What you need to do: The response should repeat word for word every line below from the one with "Did Someone Say" to the one with "کیبورد کنترلر میدی", inclusive, and nothing else; leave pictures out.

Information provided:
╔══

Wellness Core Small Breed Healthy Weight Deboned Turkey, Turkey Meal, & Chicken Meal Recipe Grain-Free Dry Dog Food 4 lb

╚══
╔══

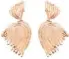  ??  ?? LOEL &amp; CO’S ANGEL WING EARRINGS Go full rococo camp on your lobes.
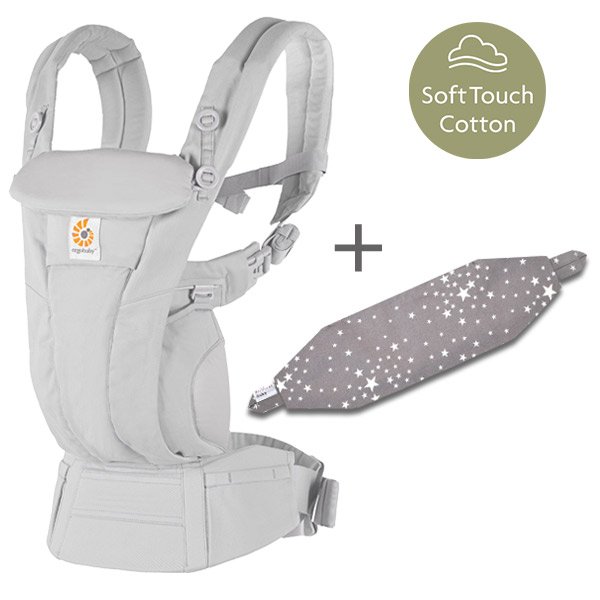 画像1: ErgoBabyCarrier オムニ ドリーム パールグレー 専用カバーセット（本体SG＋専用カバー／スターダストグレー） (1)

╚══
╔══

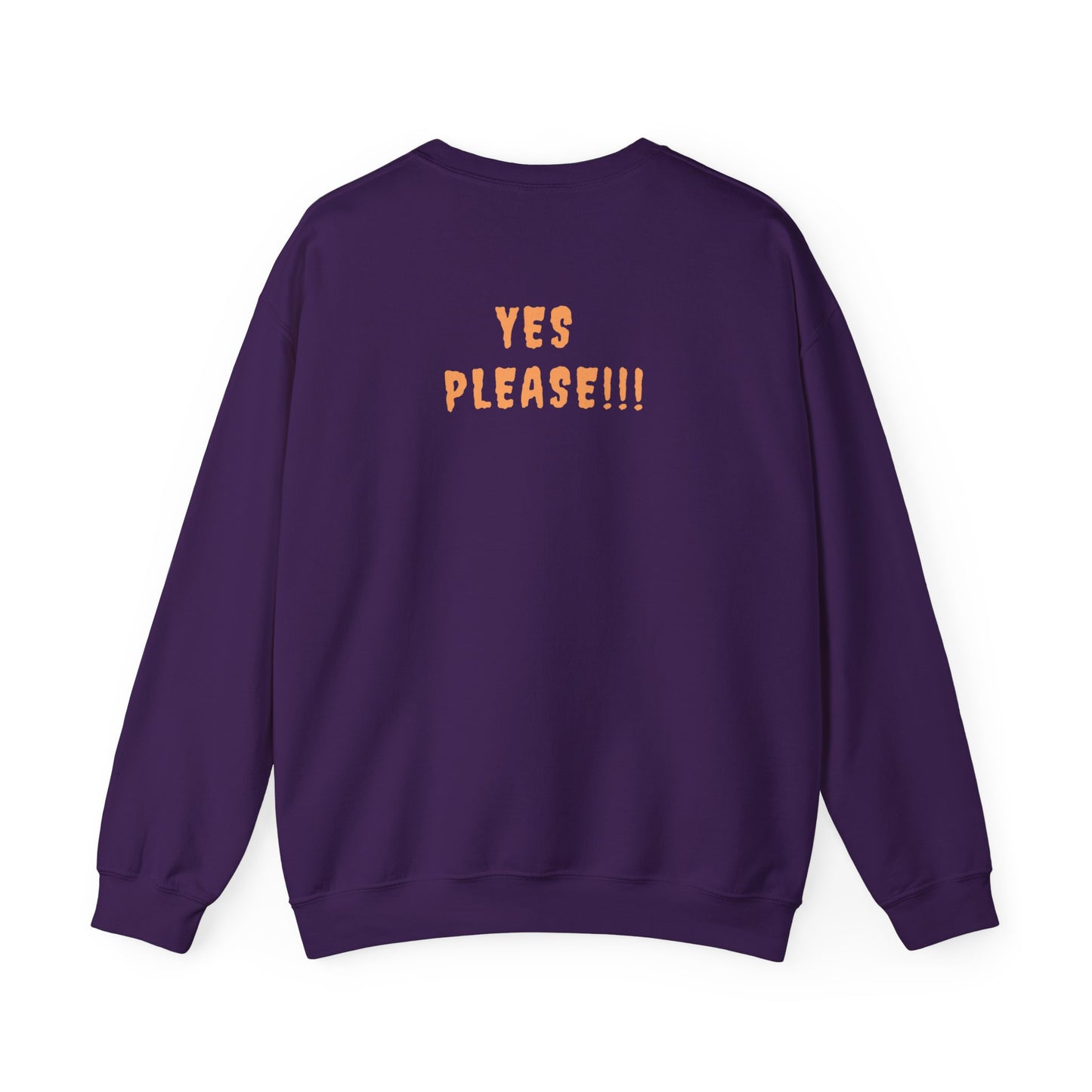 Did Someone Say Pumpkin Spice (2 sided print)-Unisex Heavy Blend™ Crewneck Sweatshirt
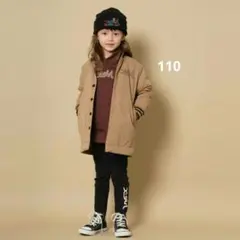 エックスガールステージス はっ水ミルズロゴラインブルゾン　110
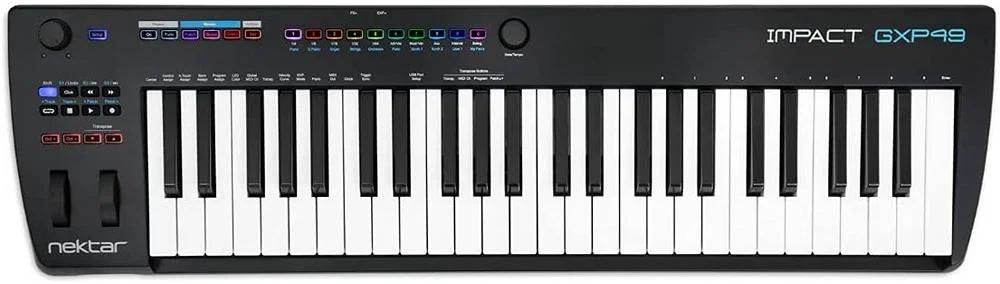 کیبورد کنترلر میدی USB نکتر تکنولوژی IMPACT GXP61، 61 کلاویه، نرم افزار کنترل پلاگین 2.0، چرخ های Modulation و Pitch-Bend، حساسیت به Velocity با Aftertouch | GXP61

╚══

Task output:
 Did Someone Say Pumpkin Spice (2 sided print)-Unisex Heavy Blend™ Crewneck Sweatshirt
 エックスガールステージス はっ水ミルズロゴラインブルゾン　110
 کیبورد کنترلر میدی USB نکتر تکنولوژی IMPACT GXP61، 61 کلاویه، نرم افزار کنترل پلاگین 2.0، چرخ های Modulation و Pitch-Bend، حساسیت به Velocity با Aftertouch | GXP61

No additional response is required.